**WHAT TO PRODUCE**
All pictures are to be dropped, and everything else in the data duplicated exactly.

**EXTRACTED RECORDS**

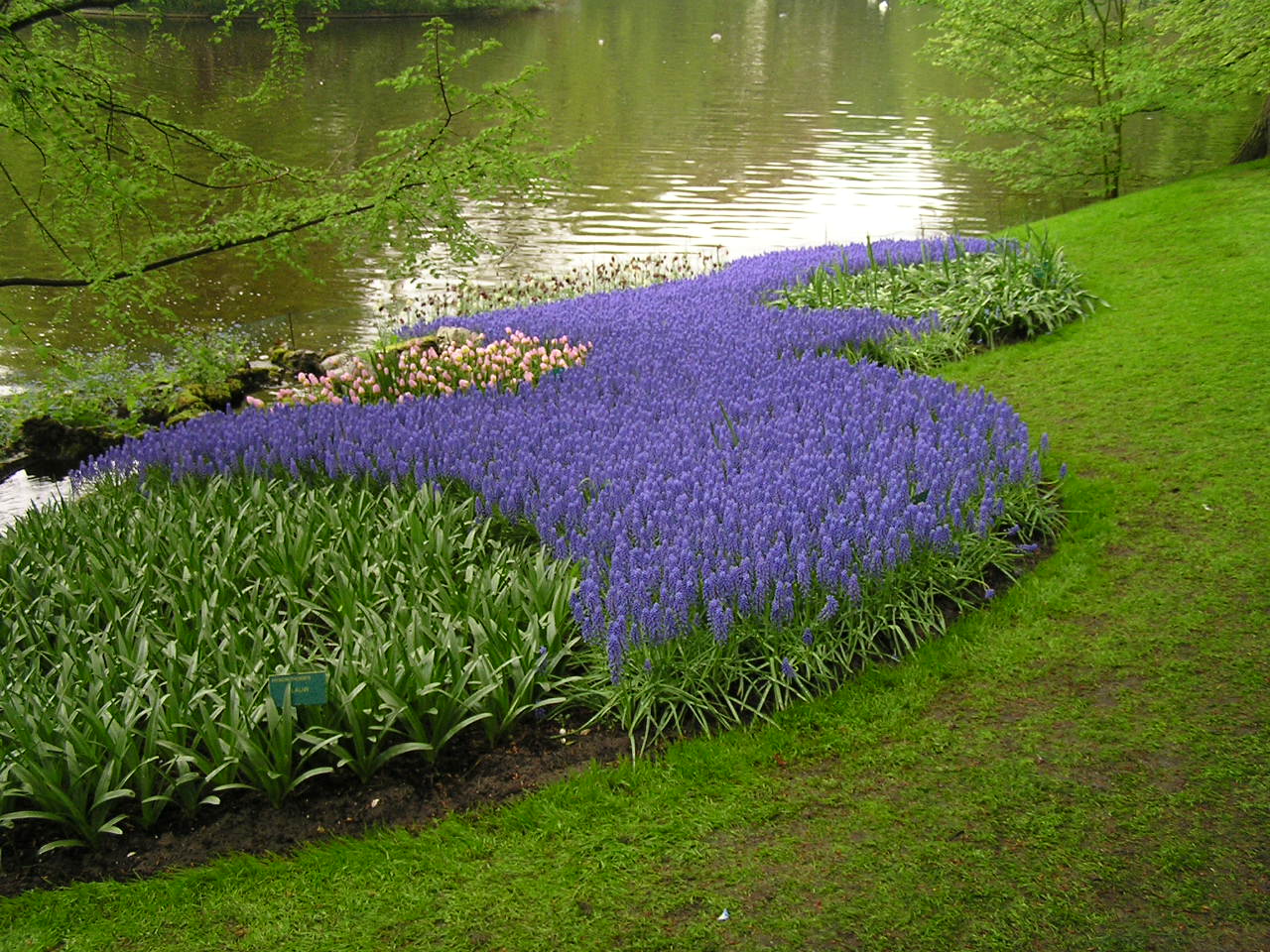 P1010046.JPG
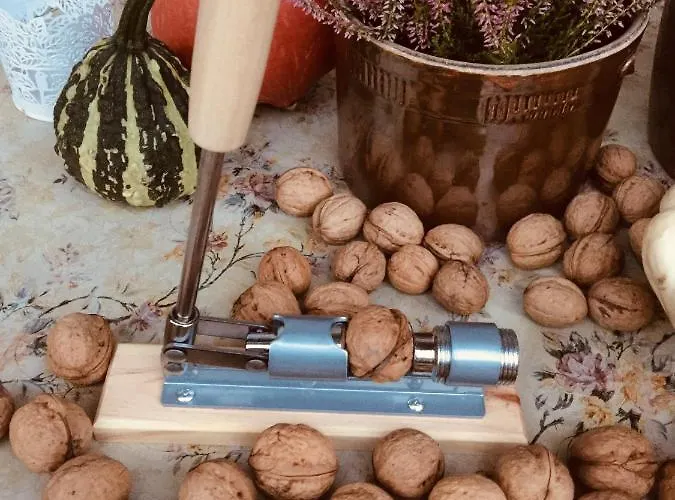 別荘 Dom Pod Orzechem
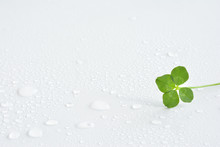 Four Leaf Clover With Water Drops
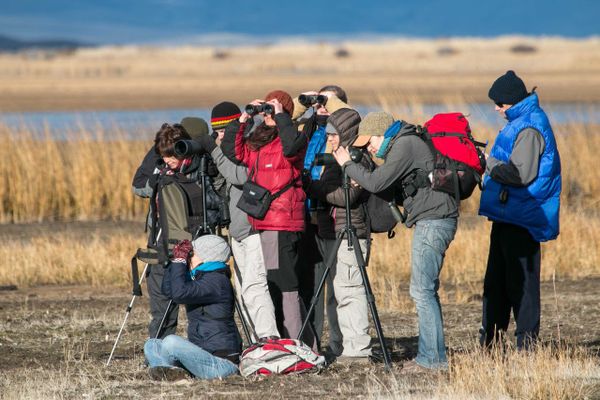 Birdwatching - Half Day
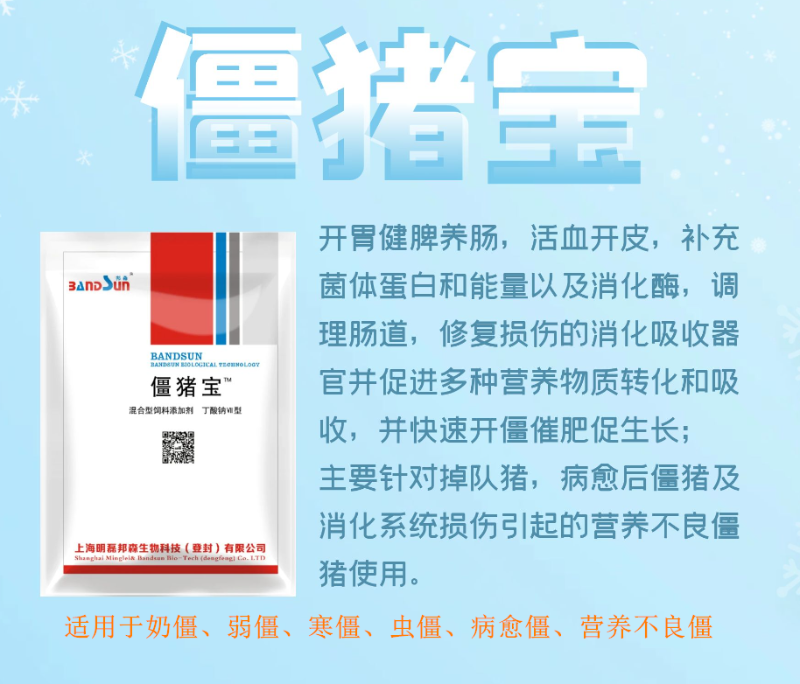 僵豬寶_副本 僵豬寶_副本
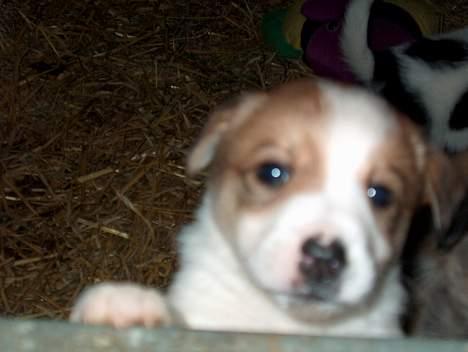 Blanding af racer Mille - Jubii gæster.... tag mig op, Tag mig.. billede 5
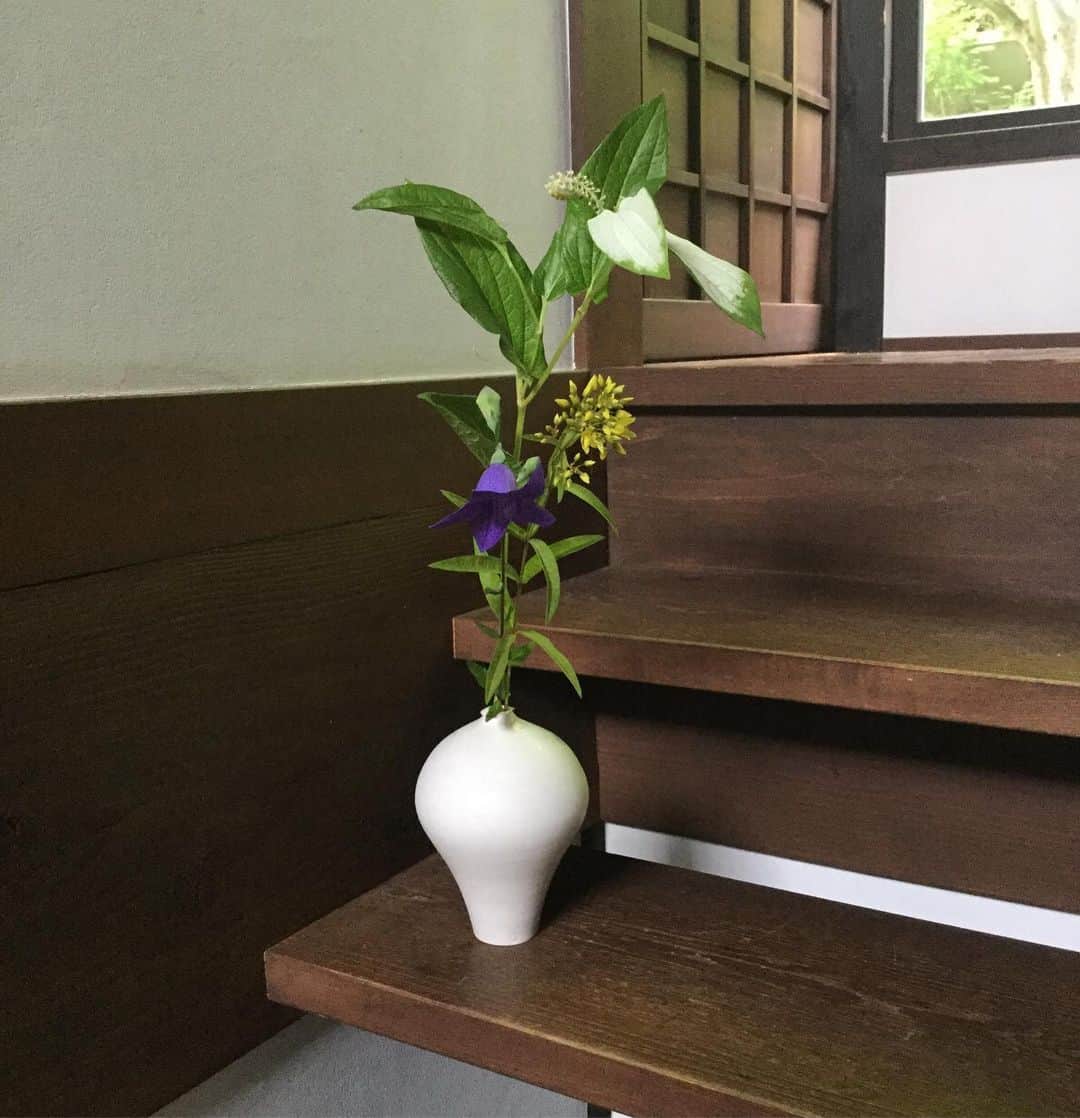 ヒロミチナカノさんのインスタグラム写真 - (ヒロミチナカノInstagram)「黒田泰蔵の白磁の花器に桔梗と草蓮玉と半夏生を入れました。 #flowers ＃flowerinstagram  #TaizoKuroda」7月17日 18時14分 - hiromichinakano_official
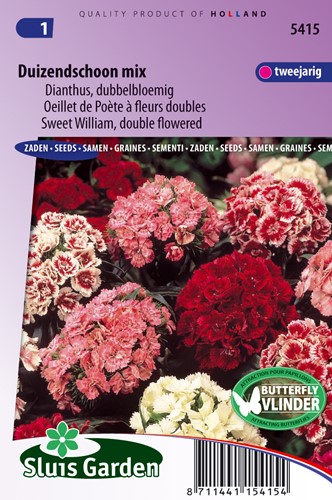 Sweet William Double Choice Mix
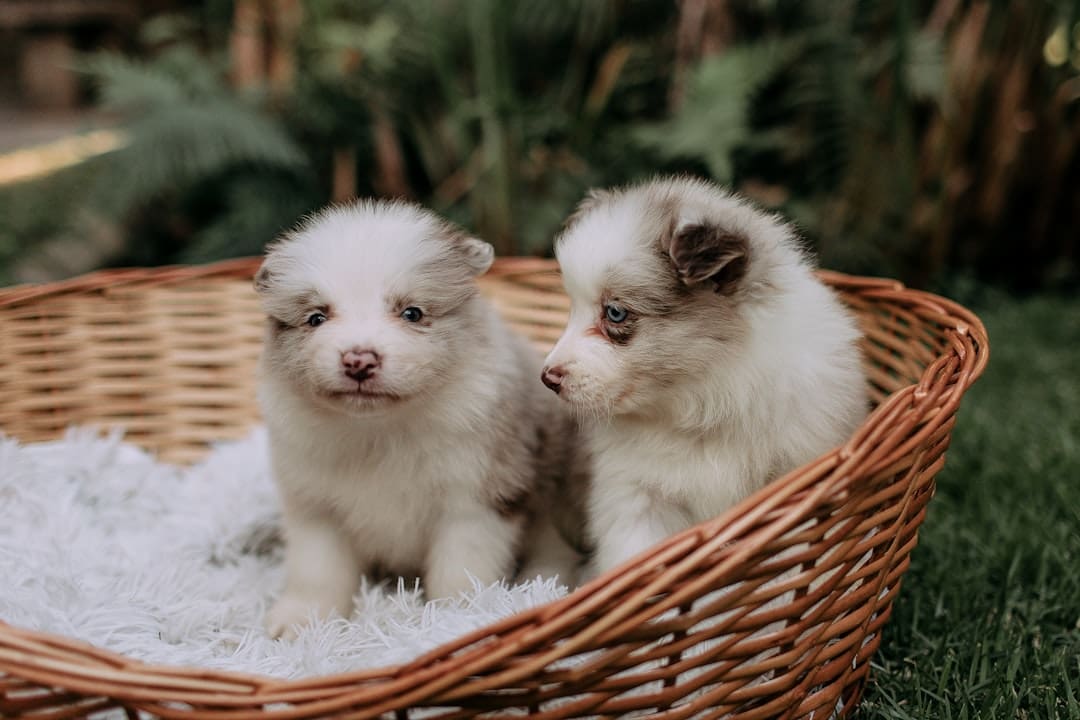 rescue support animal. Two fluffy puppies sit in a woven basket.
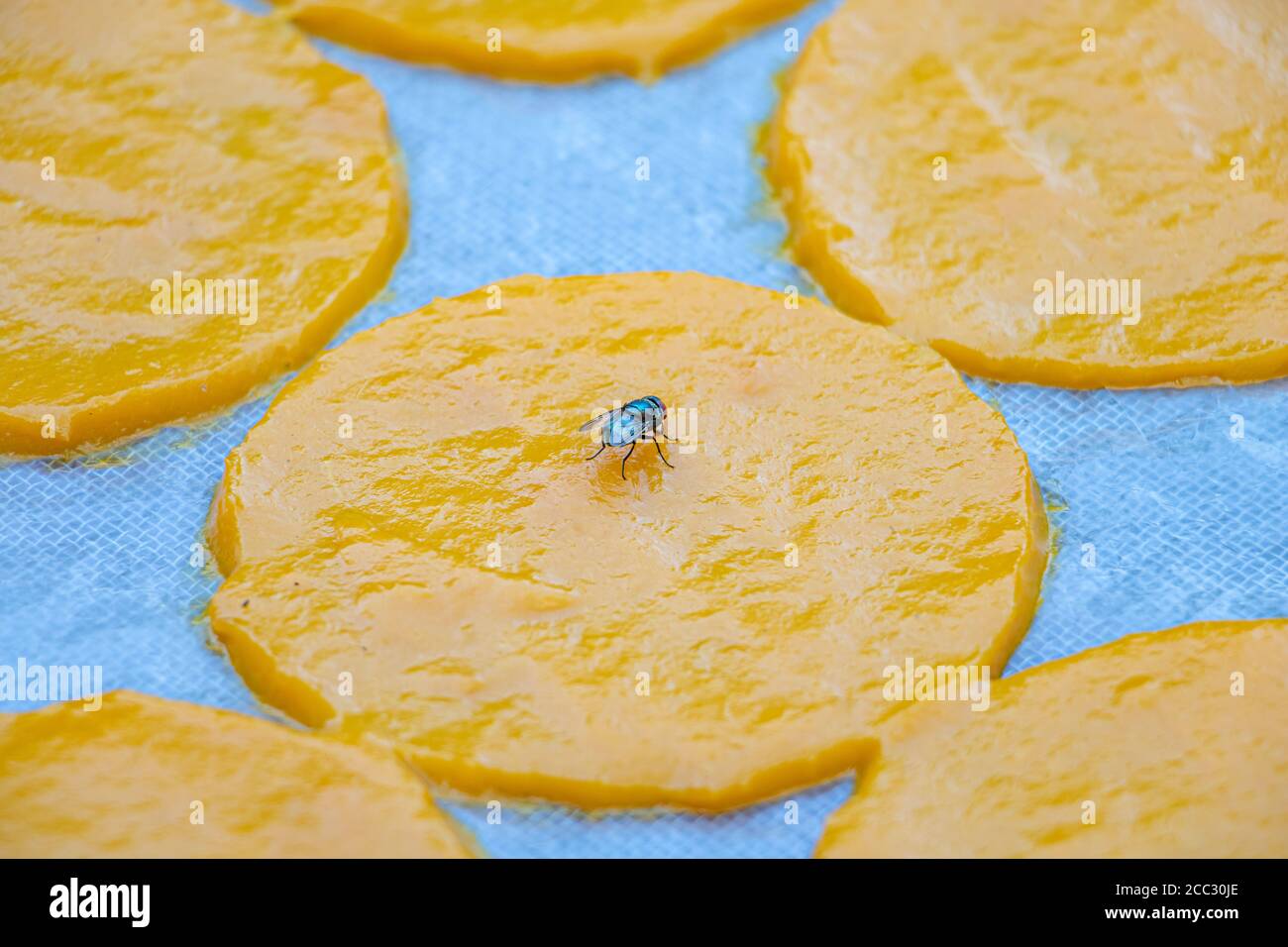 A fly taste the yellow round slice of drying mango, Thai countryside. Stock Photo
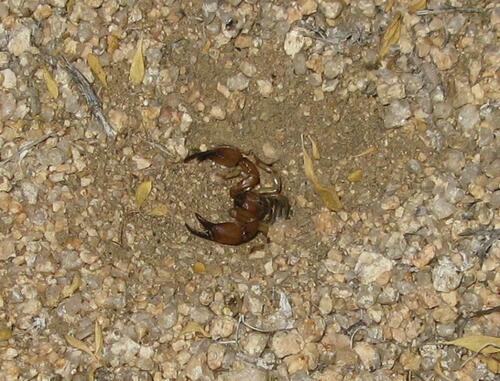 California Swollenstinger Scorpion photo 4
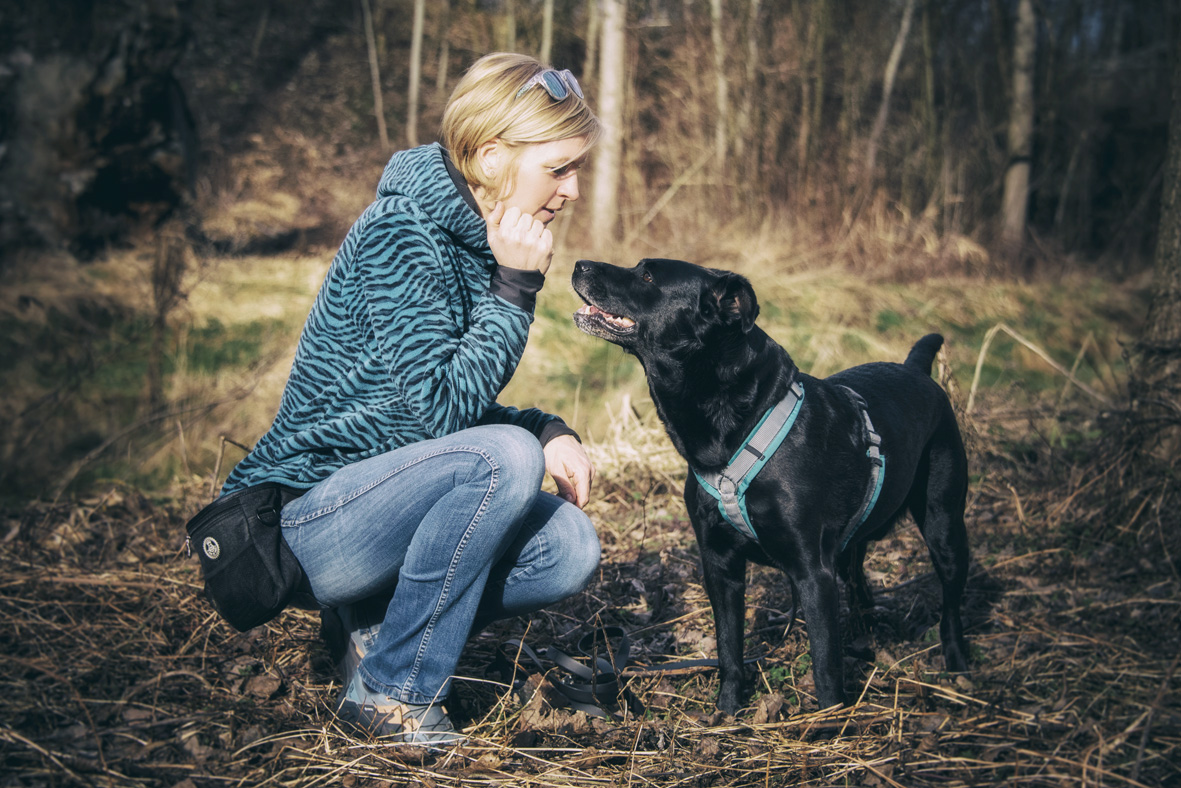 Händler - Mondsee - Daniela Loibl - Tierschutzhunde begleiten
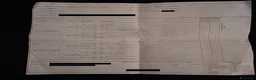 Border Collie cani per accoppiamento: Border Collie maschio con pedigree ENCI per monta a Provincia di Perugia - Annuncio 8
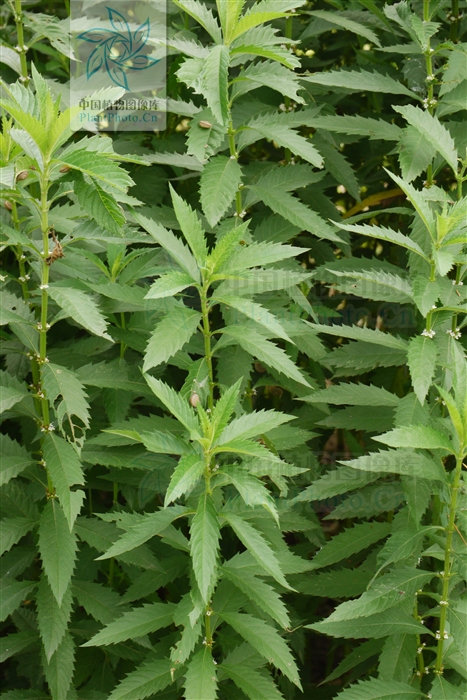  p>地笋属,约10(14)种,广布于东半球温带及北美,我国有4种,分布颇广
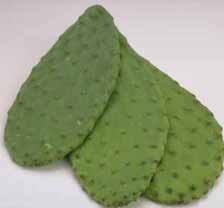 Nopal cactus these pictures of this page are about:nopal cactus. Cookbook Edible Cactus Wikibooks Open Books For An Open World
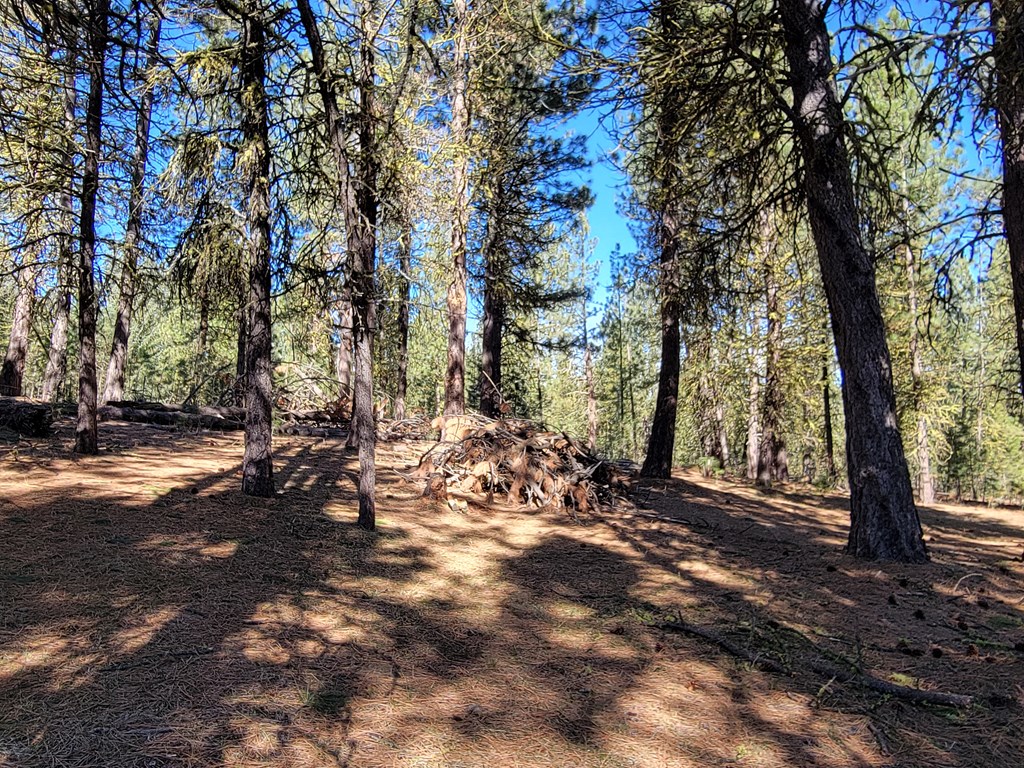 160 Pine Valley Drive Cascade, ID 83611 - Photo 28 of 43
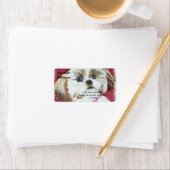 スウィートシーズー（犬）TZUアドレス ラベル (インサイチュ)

**OUTPUT OF THE TASK**
 P1010046.JPG
 別荘 Dom Pod Orzechem
 Four Leaf Clover With Water Drops
 Birdwatching - Half Day
 僵豬寶_副本 僵豬寶_副本
 Blanding af racer Mille - Jubii gæster.... tag mig op, Tag mig.. billede 5
 ヒロミチナカノさんのインスタグラム写真 - (ヒロミチナカノInstagram)「黒田泰蔵の白磁の花器に桔梗と草蓮玉と半夏生を入れました。 #flowers ＃flowerinstagram  #TaizoKuroda」7月17日 18時14分 - hiromichinakano_official
 Sweet William Double Choice Mix
 rescue support animal. Two fluffy puppies sit in a woven basket.
 A fly taste the yellow round slice of drying mango, Thai countryside. Stock Photo
 California Swollenstinger Scorpion photo 4
 Händler - Mondsee - Daniela Loibl - Tierschutzhunde begleiten
 Border Collie cani per accoppiamento: Border Collie maschio con pedigree ENCI per monta a Provincia di Perugia - Annuncio 8
  p>地笋属,约10(14)种,广布于东半球温带及北美,我国有4种,分布颇广
 Nopal cactus these pictures of this page are about:nopal cactus. Cookbook Edible Cactus Wikibooks Open Books For An Open World
 160 Pine Valley Drive Cascade, ID 83611 - Photo 28 of 43
 スウィートシーズー（犬）TZUアドレス ラベル (インサイチュ)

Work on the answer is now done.